The next step is using AI to pick out from that genome the faintest indications of disease that the best doctor in the world could not detect, and treat them before they become a serious health problem. The same principle can be applied across virtually every industry, from helping self-driving cars avoid collisions to suggesting repairs on a 747’s turbine before a part breaks. Par Botes, an executive at Pure, said: “We’re doing things that make things better for humanity. It’s pretty cool.”
Predictably, calling yourself an “AI” company has become a bit like adding “dotcom” to your name in 2000. “It’s another hype cycle,” said Babak Hodjat, the founder of AI company Sentient Technologies.
Hodjat has been through a few himself. He was part of the team that developed the technology that became Siri, the voice recognition system bought by Apple. He said the emergence of super-cheap computing and storage power was “tantamount” to the rise of a new generation that promises to deliver where previous iterations fell short.
But it takes a lot to make AI truly useful. These systems go beyond simple algorithms, which are step-by-step guides, not unlike cooking recipes. AI consists of algorithms that evolve, or “learn”, the more data is thrown at them.
For example, Sentient last year rolled out an AI-based financial trading system. It is unlike quantitative hedge funds, which employ highly paid PhDs to design algorithms that they constantly tweak.
Sentient’s AI in effect wrote its own code. The program took months to develop its first “trader”, which manages the personal cash of some of its managers and venture capital backers. Why so long? Because before settling on a format that would best meet the desired criteria, the AI cycled through an unthinkable number of permutations: 10 to the power of 58. “That’s bigger than any number you could imagine,” said Hodjat. Sentient has turned its AI on other problems, from detecting sepsis (a leading cause of in-hospital deaths) before it becomes acute, to making tastier basil by tweaking its growing conditions in a food lab.
Hodjat added: “The idea with AI is that you task it with a problem, and it comes back with something you weren’t expecting and it’s constantly evolving. But that’s scary to a lot of people. All you need is a naive AI trading operator to lose $10m in a day for people to shut this thing down and say we’re not going to use it any more.”

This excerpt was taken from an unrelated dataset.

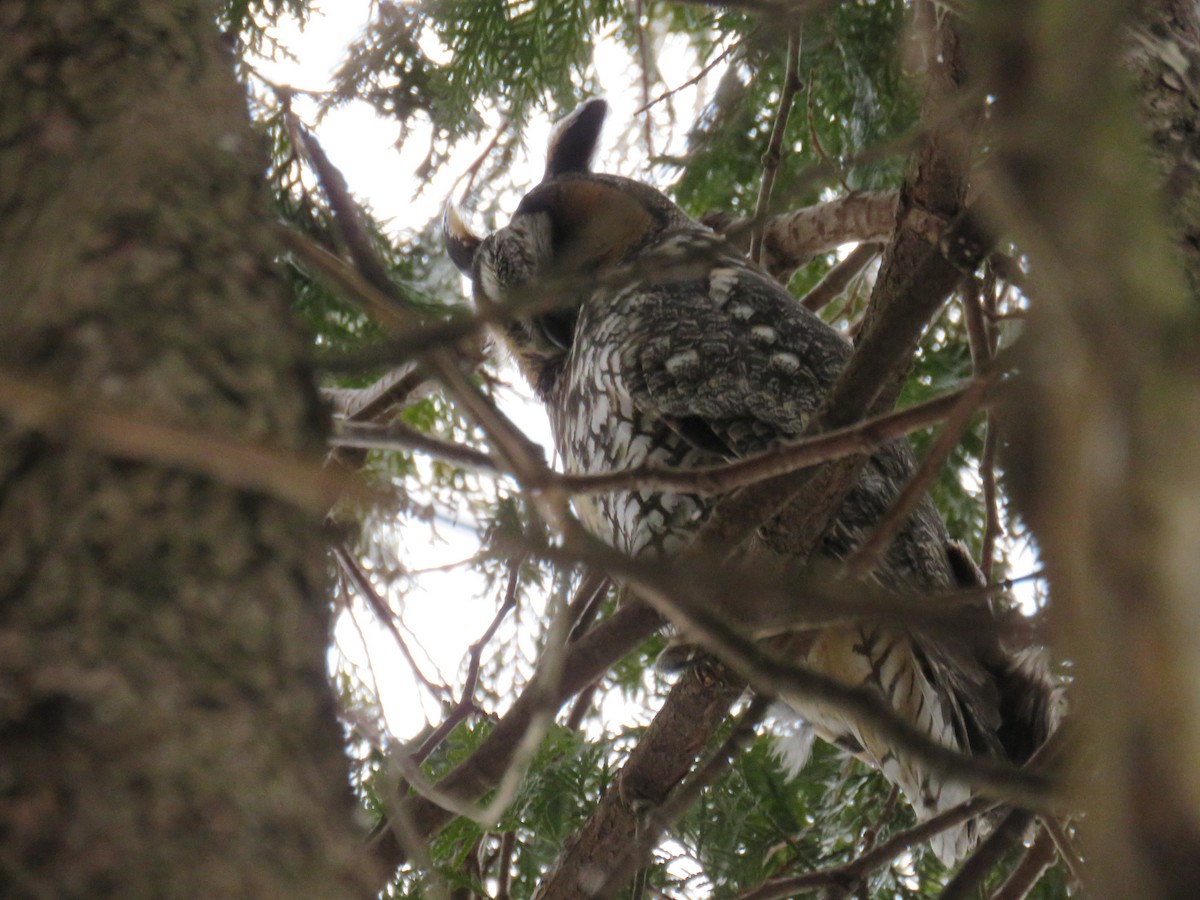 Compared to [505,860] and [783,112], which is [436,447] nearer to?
[505,860]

Such concerns are the tip of the iceberg. The Electronic Privacy Information Center (Epic), a Washington non-profit research organisation, filed a complaint last month with the Federal Trade Commission against a company called Universal Tennis.

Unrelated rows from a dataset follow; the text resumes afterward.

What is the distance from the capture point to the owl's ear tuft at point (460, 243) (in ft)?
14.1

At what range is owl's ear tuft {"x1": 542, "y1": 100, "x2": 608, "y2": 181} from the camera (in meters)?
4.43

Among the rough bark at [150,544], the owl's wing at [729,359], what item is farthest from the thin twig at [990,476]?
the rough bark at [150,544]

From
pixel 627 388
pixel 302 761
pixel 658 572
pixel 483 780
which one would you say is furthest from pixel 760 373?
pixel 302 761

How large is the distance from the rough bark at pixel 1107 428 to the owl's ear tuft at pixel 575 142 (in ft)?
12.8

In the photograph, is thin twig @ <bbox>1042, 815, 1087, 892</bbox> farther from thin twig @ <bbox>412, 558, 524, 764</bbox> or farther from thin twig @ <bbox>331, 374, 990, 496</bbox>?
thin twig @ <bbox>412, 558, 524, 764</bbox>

The company, Epic said, uses a “secret algorithm” to rank hundreds of thousands of amateur and aspiring tennis players, including children, on a scale from 1 to 16. The system creates its ratings based on millions of match results.

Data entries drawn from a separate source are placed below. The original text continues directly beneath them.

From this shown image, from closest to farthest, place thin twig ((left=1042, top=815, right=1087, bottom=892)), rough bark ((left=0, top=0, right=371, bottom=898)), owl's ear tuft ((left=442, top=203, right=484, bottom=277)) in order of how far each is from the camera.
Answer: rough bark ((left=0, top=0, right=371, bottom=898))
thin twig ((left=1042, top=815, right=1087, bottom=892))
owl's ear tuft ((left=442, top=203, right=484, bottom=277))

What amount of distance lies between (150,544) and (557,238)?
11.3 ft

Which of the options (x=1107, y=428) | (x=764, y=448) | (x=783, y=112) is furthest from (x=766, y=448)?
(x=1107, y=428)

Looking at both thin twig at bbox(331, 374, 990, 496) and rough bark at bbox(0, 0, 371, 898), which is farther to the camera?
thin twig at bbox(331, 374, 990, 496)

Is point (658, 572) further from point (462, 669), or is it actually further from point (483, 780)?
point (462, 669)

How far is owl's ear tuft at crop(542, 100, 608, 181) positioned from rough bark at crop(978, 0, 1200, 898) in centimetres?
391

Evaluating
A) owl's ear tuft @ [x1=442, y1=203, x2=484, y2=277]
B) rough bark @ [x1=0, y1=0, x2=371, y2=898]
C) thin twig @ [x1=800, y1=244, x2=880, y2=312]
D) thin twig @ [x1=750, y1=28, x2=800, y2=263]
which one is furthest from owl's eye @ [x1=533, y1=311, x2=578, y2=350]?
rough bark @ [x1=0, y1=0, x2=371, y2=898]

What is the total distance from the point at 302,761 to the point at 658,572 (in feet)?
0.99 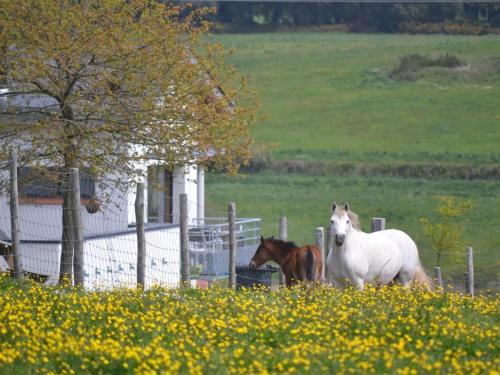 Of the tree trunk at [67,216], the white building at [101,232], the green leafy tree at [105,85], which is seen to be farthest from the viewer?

Epic said the scores “define the status of young athletes in all tennis-related activity” and “impact opportunities for scholarship, education and employment”. They may also, it argued, “in the future provide the basis for ‘social scoring’ and government rating of citizens”.
It is not hard to imagine that, as AI grows smarter, its decisions will have far greater impact than simply meaning you miss out on a scholarship due to your weak second serve. Which is what scares Musk and the rest of the AI doom-mongers. Because AI systems evolve and change, it is unclear how much even their creators understand what makes them tick. Hodjat said: “The turn-off is that it is always going to be seen as a black box approach.”
Eric Burgener of research firm IDC expects this debate increasingly to be played out in the courts. “AI clearly raises issues that fall outside the boundaries of any existing laws,” he said. “There will be more lawsuits to force the courts to start defining things.”